* _Data extract_:
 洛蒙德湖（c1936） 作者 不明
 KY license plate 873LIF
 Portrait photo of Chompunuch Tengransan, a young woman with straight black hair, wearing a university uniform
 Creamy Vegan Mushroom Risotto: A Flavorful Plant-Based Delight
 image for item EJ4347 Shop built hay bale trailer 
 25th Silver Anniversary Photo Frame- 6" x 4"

* * *

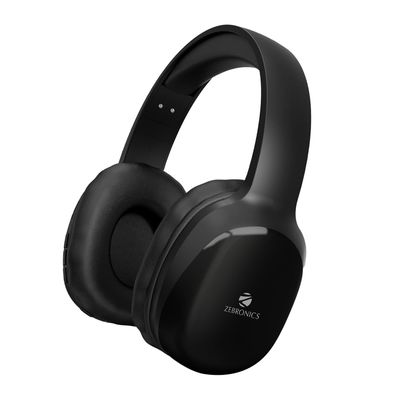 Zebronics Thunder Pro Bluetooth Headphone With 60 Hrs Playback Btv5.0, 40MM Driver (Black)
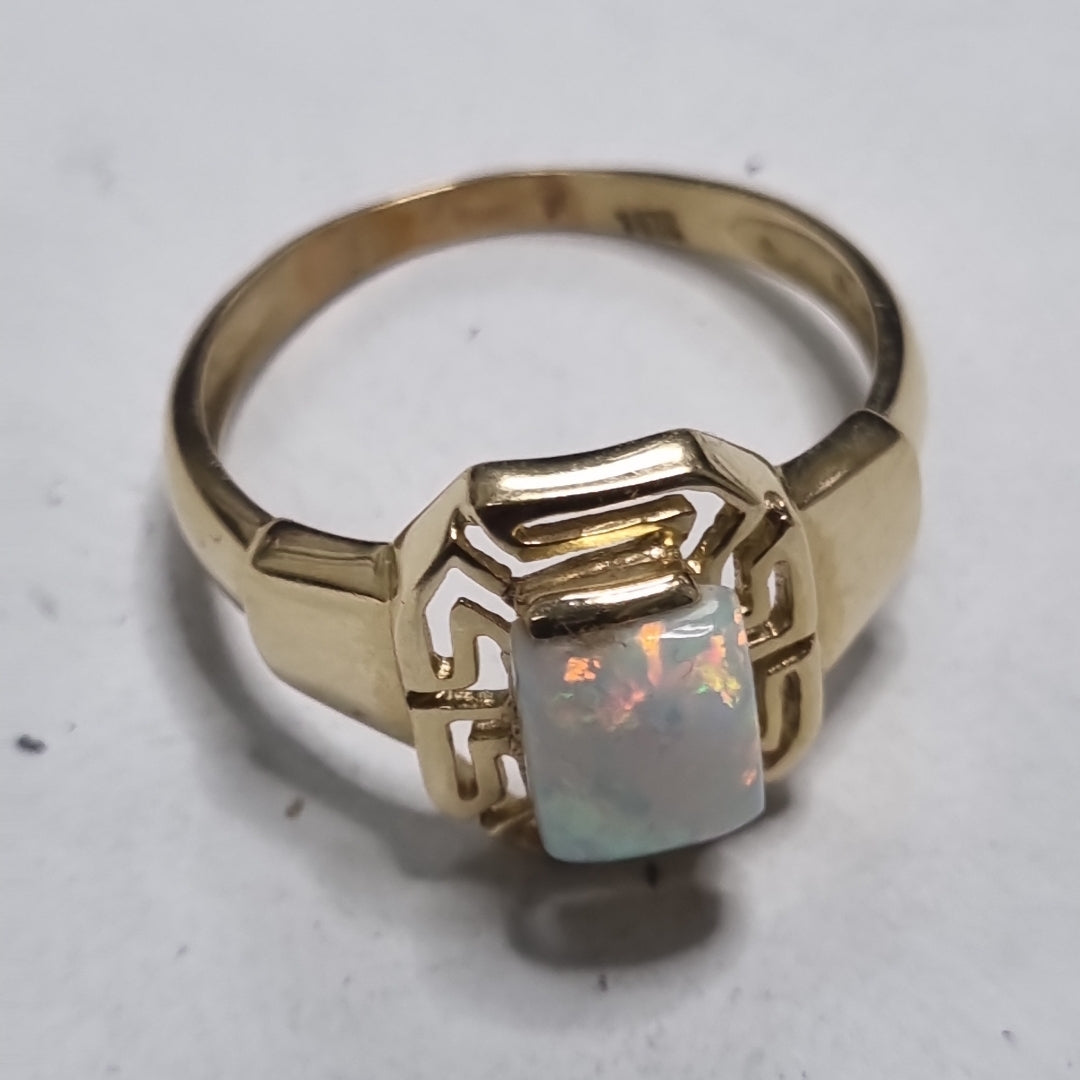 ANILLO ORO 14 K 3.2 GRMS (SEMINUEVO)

* _Work item_: Word for word, restate the lines of the listing above starting at the line with "KY license plate 873LIF" and ending at the line with "25th Silver Anniversary", and nothing outside them.

* _Answer to this exercise_:
 KY license plate 873LIF
 Portrait photo of Chompunuch Tengransan, a young woman with straight black hair, wearing a university uniform
 Creamy Vegan Mushroom Risotto: A Flavorful Plant-Based Delight
 image for item EJ4347 Shop built hay bale trailer 
 25th Silver Anniversary Photo Frame- 6" x 4"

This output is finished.